● **What you have to do**
Below are entries. Copy exactly the lines running from the line that holds "Woodworking Edge Profile" to the line that holds "Raspebrries souffle served", with both ends included.

==== Given records ====

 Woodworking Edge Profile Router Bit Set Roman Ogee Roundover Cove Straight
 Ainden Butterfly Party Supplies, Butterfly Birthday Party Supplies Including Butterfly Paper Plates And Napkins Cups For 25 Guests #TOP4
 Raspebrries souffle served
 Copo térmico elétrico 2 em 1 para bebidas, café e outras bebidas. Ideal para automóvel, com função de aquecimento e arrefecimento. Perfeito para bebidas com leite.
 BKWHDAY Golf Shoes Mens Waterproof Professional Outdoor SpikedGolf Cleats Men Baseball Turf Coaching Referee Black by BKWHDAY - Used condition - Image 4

====
==== Given records ====

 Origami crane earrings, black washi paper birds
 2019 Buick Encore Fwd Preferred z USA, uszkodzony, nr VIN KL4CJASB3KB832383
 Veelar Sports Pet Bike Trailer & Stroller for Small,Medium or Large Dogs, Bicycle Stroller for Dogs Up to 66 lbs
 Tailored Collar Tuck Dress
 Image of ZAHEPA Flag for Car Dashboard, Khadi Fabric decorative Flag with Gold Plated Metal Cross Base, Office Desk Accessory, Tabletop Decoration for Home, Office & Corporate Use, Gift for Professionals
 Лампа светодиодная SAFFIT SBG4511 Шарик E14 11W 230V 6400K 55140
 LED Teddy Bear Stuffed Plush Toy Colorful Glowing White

====
==== Given records ====

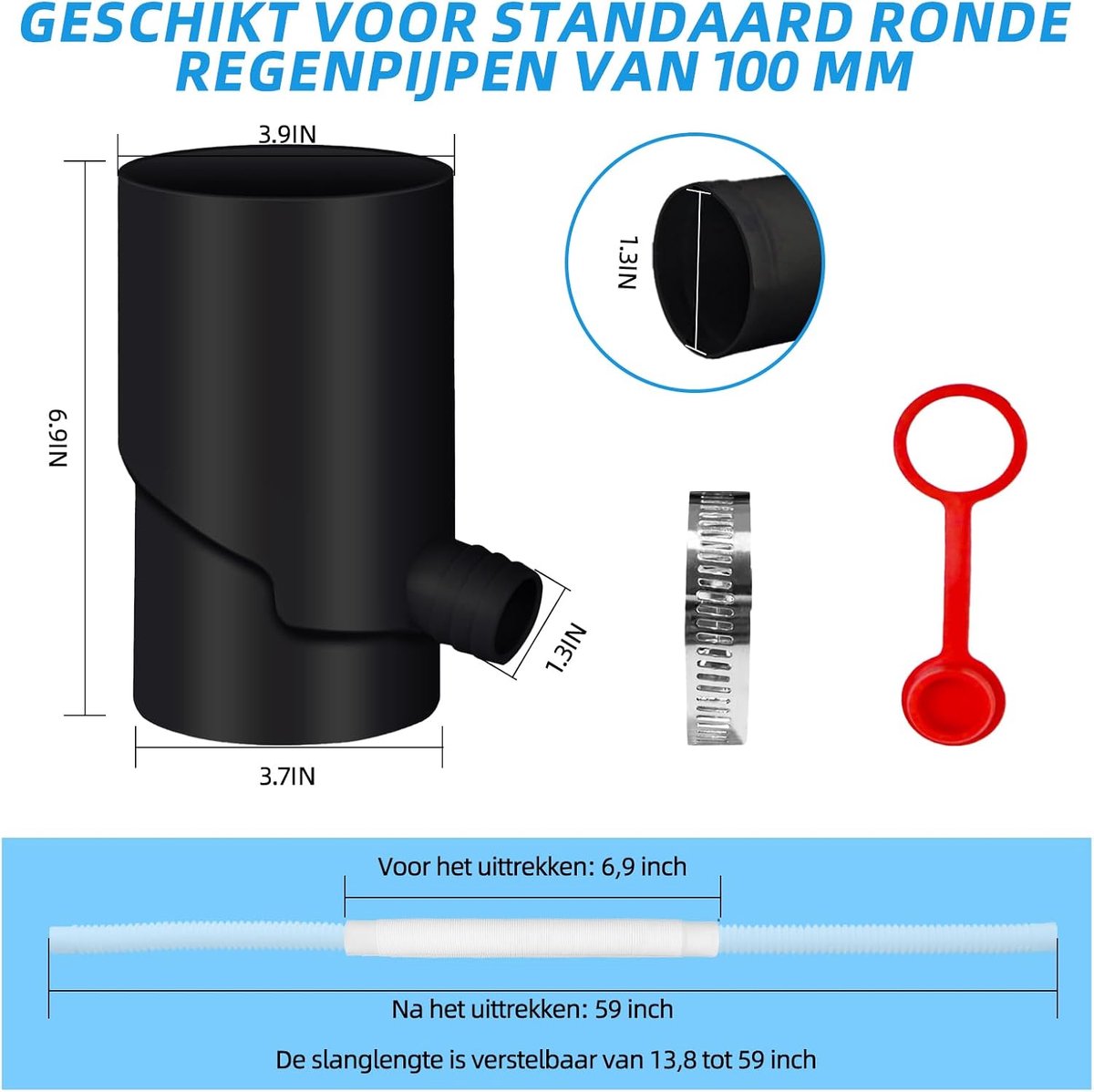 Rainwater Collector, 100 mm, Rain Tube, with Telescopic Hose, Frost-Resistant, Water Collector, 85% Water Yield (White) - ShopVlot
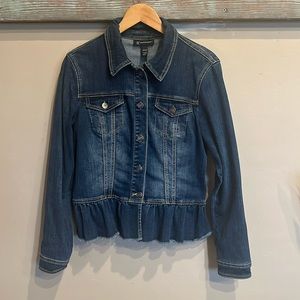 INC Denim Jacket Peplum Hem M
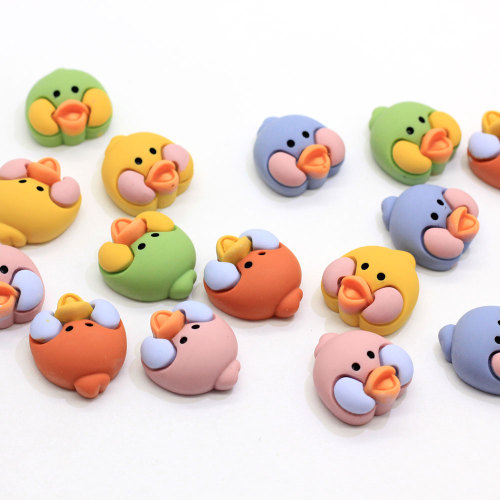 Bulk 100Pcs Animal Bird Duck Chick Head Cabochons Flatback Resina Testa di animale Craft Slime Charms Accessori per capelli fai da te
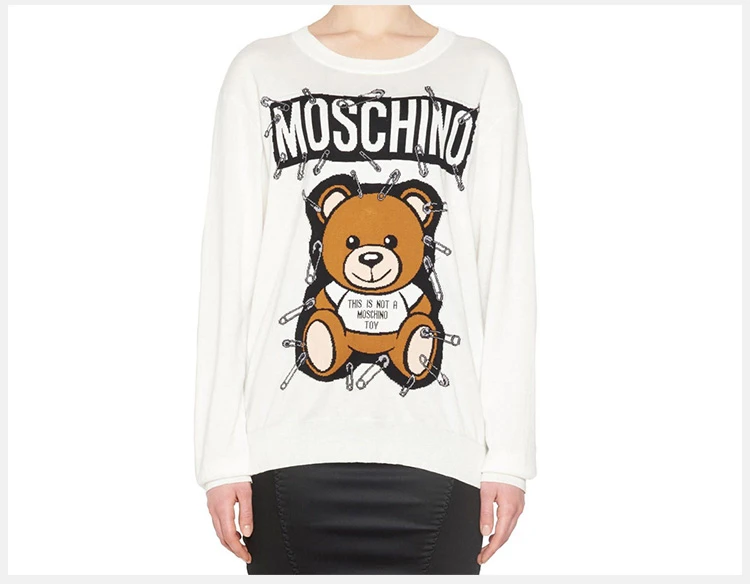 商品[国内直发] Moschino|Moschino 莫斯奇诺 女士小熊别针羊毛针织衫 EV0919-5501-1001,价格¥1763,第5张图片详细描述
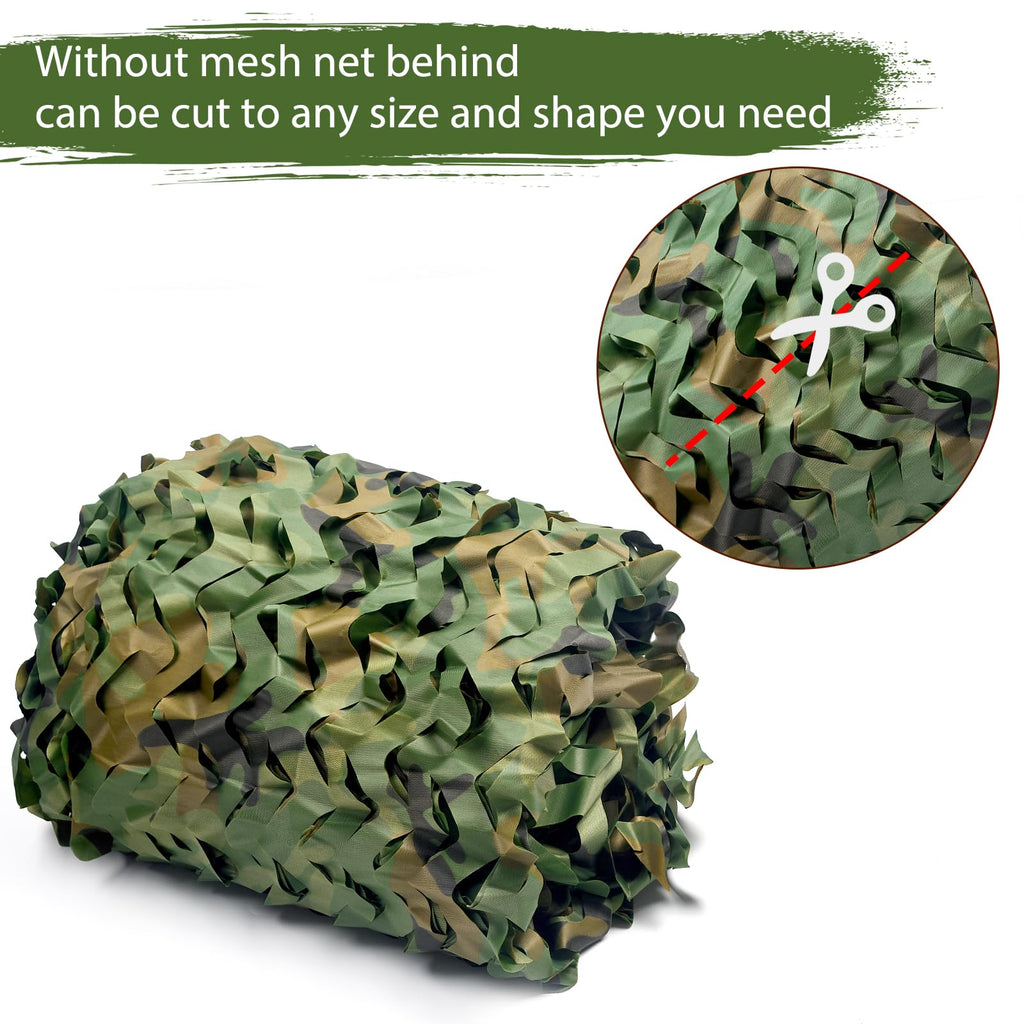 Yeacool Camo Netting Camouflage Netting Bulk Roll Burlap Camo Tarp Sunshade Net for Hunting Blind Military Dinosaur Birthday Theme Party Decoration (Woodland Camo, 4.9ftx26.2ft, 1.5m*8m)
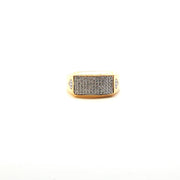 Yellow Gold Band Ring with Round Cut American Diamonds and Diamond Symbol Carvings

====

● **Exercise result**
 Woodworking Edge Profile Router Bit Set Roman Ogee Roundover Cove Straight
 Ainden Butterfly Party Supplies, Butterfly Birthday Party Supplies Including Butterfly Paper Plates And Napkins Cups For 25 Guests #TOP4
 Raspebrries souffle served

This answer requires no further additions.